Django Chronicle is an implementation of the slowly changing dimensions type 4 which uses database triggers.

How to use?

  1. Create a custom revision model. e.g.

    from chronicle.models import AbstractRevision
    
    class Revision(AbstractRevision):
        user = models.ForeignKey(settings.AUTH_USER_MODEL)
        created = models.DateTimeField(auto_now_add=True)
    
  2. Set settings.REVISION_MODEL to point to your revision model. e.g.

    REVISION_MODEL = 'revision.Revision'
    
  3. Let your models inherit from HistoryMixin e.g.

    from chronicle.models import HistoryMixin
    from django.db import models
    
    class Food(HistoryMixin, models.Model):
        name = models.CharField(max_length=50)
    
  4. Create all the migrations and run them:

    $ manage.py makemigrations
    $ manage.py migrate
    

    That should create all the _history tables for your models that inherit from the HistoryMixin.
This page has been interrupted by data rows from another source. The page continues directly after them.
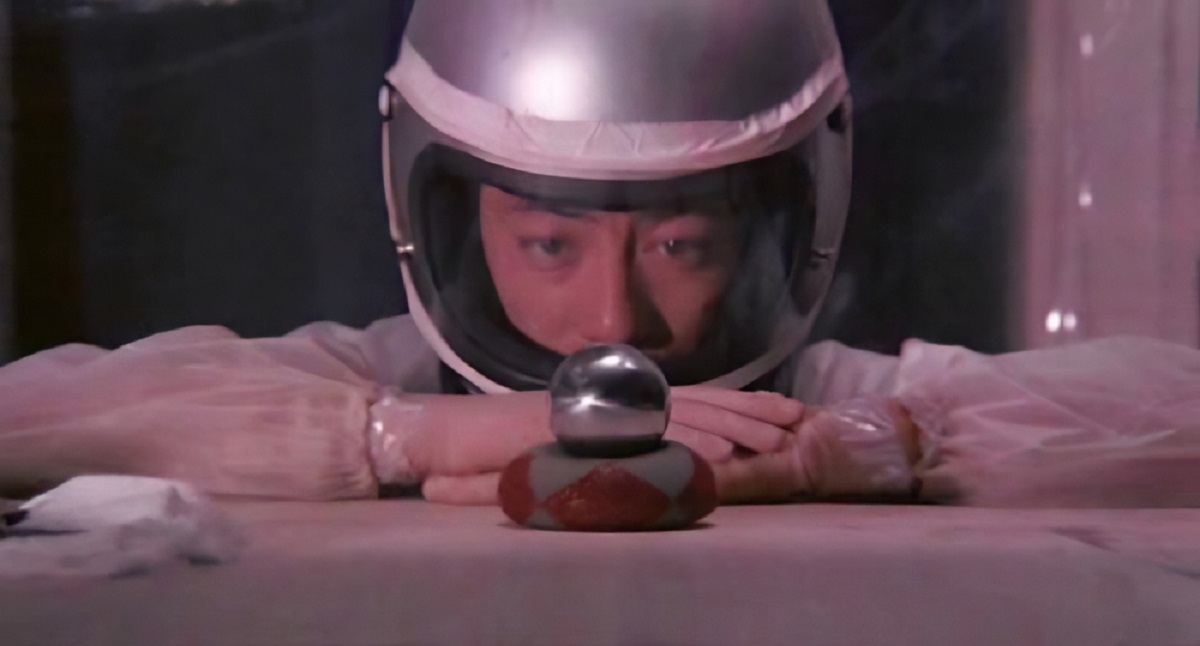 Kenji Sawada in The Man Who Stole the Sun (1979)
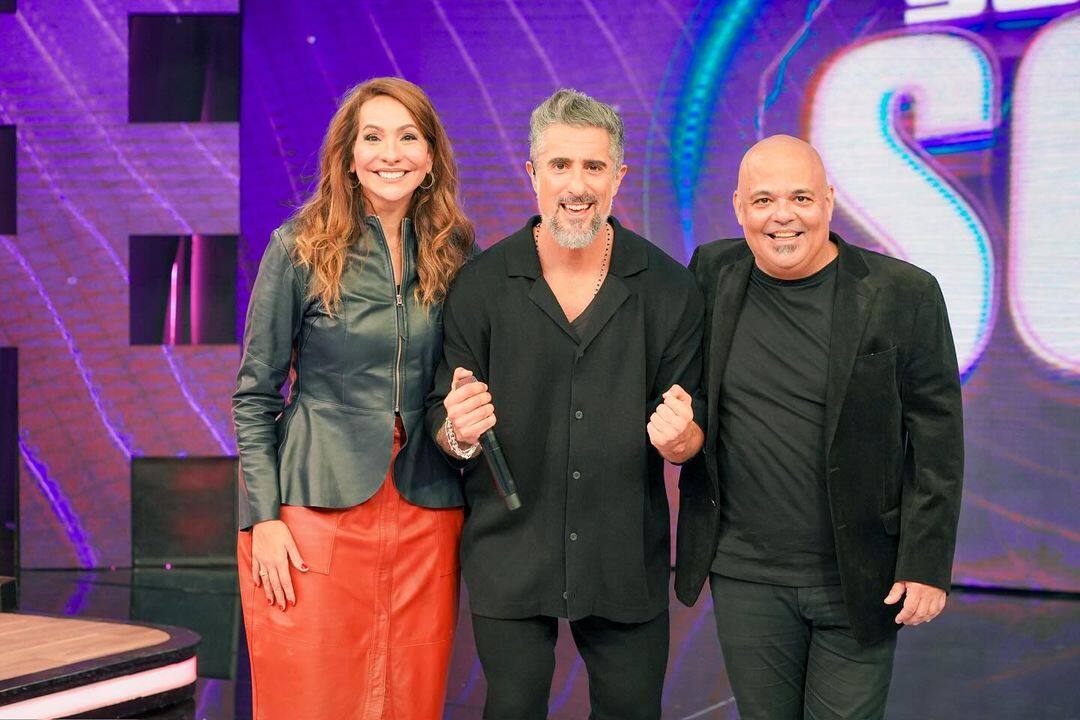 Maria Beltrão e Flavio Mendes abraçam Marcos Mion no palco do Caldeirão
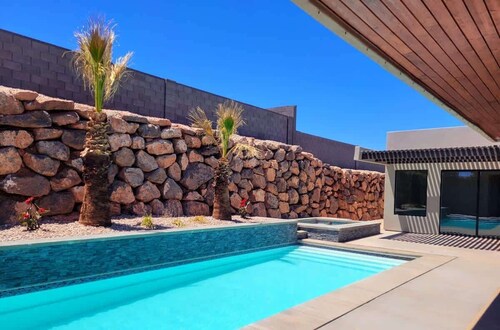 Sand Hollow Poolhouse – From $399 – Resort Access!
  5. Create the database triggers

    $ manage.py create_history_triggers
    

Now every change to your models should be logged in the _history tables and you can access the model history via the History model which becomes a field of the original class.

Example usage:

# create
food = Food('Carot')
food.save()
assert(Food.History.objects.filter(id=food.id).count() == 1)

# update
food.name = 'Carrot'
food.save()
assert(Food.History.objects.filter(id=food.id).count() == 2)

# delete
food.delete()
assert(Food.History.objects.filter(id=food.id).count() == 3)

Why database triggers?

The obvious choice to implement model history would be to connect a signal handler to the post_save and post_delete signal. This has some rather huge downsides:

1.) QuerySet.update() and a lot of other QuerySet methods do not emit any signals. Having to limit the code to only use save() can be a rather huge performance problem depending on the type of application.

2.) There is a rather large performance impact when creating the history via the Django ORM. A single QuerySet.update() call could result in hundreds or thousands of inserts. While this could mostly be solved using the Manager.bulk_create method a database trigger is a lot faster as there is no extra database roundtrip required.

3.) This works for any kind of raw query - even outside of the Django ORM - as long as the chronicle.revision_id session variable is properly set.

The only real downside is the DB compatibility. Right now this package only supports the PostgreSQL database engine.

How to issue queries without the Django ORM?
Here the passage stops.